For the Department of Public Works and Highways (DPWH), however, there were suggestions floated in Congress to raise transportation fees in public vehicles to augment the DPWH’s budget for Motor Vehicles User Fund, from P8.5 billion ($200.5 million) to P10.2 billion ($240.7 million) next year.
Disregarding the workers’ rights in PAL and LRT
This week, Transport secretary Mar Roxas has asked the management of Philippine Air Lines to set up a “contingency plan” in case its workers launched a strike in the country’s flag carrier. In so doing, Roxas has unveiled a “brazen order” for the PAL management to hire scabs, the KMU said in a statement.
The possibility of a strike in PAL arose after President Benigno “Noynoy” Aquino III sided with PAL management and approved the airline’s outsourcing plans which the airline’s union said would cause the layoff and contractualization of some 2,600 of its regular workers.
“Just like Noynoy, Mar is using the interest of the public to justify plans to sabotage a possible workers’ strike in PAL,” Labog said in a statement. He added that his group has trust “that the public will understand a strike by PAL workers because they stand to lose their regular jobs just because Lucio Tan wants to implement a scheme that will increase his profits.”
LRT workers asked Anakpawis’ Mariano about the DOTC proposed budget and their separation pay.(Photo by Marya Salamat / bulatlat.com)
Roxas also disappointed the former LRT workers who trooped to the budget hearing in Congress last week. Asked by Bayan Muna Partylist Rep Neri Colmenares if Roxas has included in the DOTC budget allotments for the separation pay of illegally dismissed LRT workers, Roxas replied no.
The striking LRT workers were summarily dismissed from their jobs 16 years ago for having defied an assumption of jurisdiction’s return-to-work order by the labor secretary. After a lengthy legal battle, the Supreme Court described the company employing the LRT workers at the time “was a labor-only contracting company, under the government,” said Colmenares of Bayan Muna. This, he said, is proof that the LRT workers’ employer is the government.
In 2004 the DOTC successfully snagged a P271-million ($6.4 million) budget for the LRT workers’ separation pay, pending the court resolution about the workers’ legal employer. But the said budget only reverted to the Department of Budget and Management after the disbursement of separation pay was snagged by legal questions about the LRT workers’ rightful employers, Sammy Malunes, LRT workers’ union president then, and now spokesperson of Riles Network, told bulatlat.com.

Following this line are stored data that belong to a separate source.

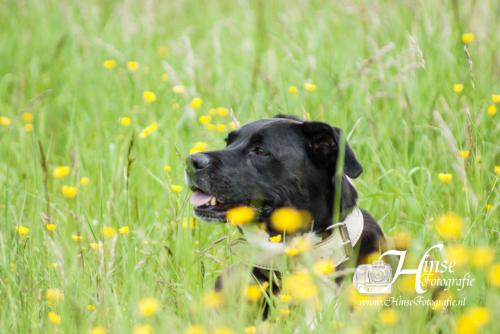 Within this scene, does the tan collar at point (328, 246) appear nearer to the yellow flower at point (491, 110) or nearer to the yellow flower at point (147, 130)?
the yellow flower at point (147, 130)

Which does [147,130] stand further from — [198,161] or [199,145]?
[198,161]

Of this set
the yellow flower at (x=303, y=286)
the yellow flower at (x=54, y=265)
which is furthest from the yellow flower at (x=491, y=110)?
the yellow flower at (x=54, y=265)

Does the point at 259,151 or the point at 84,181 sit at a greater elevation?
the point at 259,151

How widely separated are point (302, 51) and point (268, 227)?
2.44 metres

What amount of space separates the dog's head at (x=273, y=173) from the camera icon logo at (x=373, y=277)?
1.07ft

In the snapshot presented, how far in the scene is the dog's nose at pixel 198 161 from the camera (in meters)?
3.52

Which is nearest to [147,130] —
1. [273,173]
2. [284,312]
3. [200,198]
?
[200,198]

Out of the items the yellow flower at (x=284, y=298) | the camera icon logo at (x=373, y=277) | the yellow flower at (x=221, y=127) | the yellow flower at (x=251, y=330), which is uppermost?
the yellow flower at (x=221, y=127)

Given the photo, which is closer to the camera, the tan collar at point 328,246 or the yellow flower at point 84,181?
the tan collar at point 328,246

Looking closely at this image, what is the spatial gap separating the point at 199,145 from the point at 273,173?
507 millimetres

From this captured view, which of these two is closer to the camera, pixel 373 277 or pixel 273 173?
pixel 373 277

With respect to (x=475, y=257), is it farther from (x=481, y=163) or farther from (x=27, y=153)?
(x=27, y=153)

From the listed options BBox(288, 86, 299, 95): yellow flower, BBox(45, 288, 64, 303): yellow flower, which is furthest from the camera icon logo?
BBox(288, 86, 299, 95): yellow flower

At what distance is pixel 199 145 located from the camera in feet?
12.8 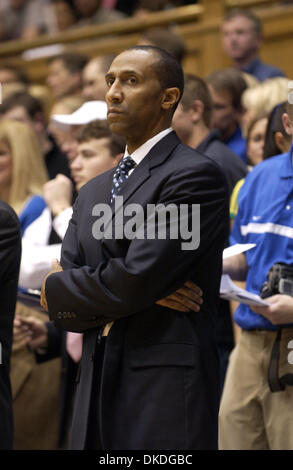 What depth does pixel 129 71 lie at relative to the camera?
2.64 m

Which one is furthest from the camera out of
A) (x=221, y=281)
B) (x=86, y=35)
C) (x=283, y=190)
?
(x=86, y=35)

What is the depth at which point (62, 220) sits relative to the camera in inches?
154

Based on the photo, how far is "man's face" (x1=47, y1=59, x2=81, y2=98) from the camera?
6.43 metres

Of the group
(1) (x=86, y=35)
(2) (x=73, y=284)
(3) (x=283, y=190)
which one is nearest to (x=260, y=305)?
(3) (x=283, y=190)

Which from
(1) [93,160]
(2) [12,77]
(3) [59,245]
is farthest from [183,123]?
(2) [12,77]

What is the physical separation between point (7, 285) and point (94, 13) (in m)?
5.75

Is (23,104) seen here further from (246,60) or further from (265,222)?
(265,222)

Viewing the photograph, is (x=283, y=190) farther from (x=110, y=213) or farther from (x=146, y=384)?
(x=146, y=384)

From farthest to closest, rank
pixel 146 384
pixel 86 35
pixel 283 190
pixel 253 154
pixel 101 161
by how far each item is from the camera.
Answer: pixel 86 35, pixel 253 154, pixel 101 161, pixel 283 190, pixel 146 384

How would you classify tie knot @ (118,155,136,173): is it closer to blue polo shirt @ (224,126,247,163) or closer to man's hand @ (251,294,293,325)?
→ man's hand @ (251,294,293,325)

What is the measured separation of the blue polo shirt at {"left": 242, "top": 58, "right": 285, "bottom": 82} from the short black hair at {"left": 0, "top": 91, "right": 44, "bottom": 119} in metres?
1.55

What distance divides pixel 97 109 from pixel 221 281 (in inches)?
56.3

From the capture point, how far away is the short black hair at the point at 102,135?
3801mm

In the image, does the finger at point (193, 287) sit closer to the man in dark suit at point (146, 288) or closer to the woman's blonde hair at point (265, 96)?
the man in dark suit at point (146, 288) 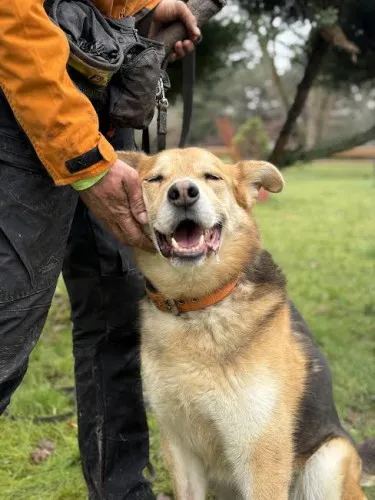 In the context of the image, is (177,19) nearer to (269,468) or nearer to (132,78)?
(132,78)

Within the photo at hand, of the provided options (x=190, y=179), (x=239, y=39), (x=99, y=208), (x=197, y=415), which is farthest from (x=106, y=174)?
(x=239, y=39)

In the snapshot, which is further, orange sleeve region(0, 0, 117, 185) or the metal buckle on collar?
the metal buckle on collar

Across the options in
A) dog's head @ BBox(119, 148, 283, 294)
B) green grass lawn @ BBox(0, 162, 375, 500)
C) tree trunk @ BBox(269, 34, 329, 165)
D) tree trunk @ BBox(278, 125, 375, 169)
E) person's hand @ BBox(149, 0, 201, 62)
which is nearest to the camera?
dog's head @ BBox(119, 148, 283, 294)

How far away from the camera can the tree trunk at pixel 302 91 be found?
4.09 meters

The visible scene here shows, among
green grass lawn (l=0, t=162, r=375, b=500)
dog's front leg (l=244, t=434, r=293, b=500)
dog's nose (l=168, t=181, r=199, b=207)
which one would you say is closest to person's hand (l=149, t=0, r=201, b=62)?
dog's nose (l=168, t=181, r=199, b=207)

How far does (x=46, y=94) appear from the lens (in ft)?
5.76

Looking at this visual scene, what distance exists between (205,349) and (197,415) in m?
0.26

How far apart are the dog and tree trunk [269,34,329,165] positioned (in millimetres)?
1852

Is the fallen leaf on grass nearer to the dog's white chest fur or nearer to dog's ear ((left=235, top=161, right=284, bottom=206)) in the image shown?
the dog's white chest fur

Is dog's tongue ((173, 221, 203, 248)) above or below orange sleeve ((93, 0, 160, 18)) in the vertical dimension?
below

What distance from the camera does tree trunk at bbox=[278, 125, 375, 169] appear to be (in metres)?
4.39

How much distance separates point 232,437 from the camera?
2.30 m

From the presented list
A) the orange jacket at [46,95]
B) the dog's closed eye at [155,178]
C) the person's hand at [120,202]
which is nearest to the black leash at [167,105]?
the dog's closed eye at [155,178]

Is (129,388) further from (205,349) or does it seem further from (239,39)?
(239,39)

“You might have expected such treatment from capitalists in the private sector, but not from the government,” Colmenares said during the DOTC budget hearing.
In response, Roxas asked the Congress to hold the LRTA liable first, as it is “not so much a question of appropriating budget for the workers’ separation pay as the government admitting the employer-employee relations.” But he also warned the lawmakers against its “geometric consequences.”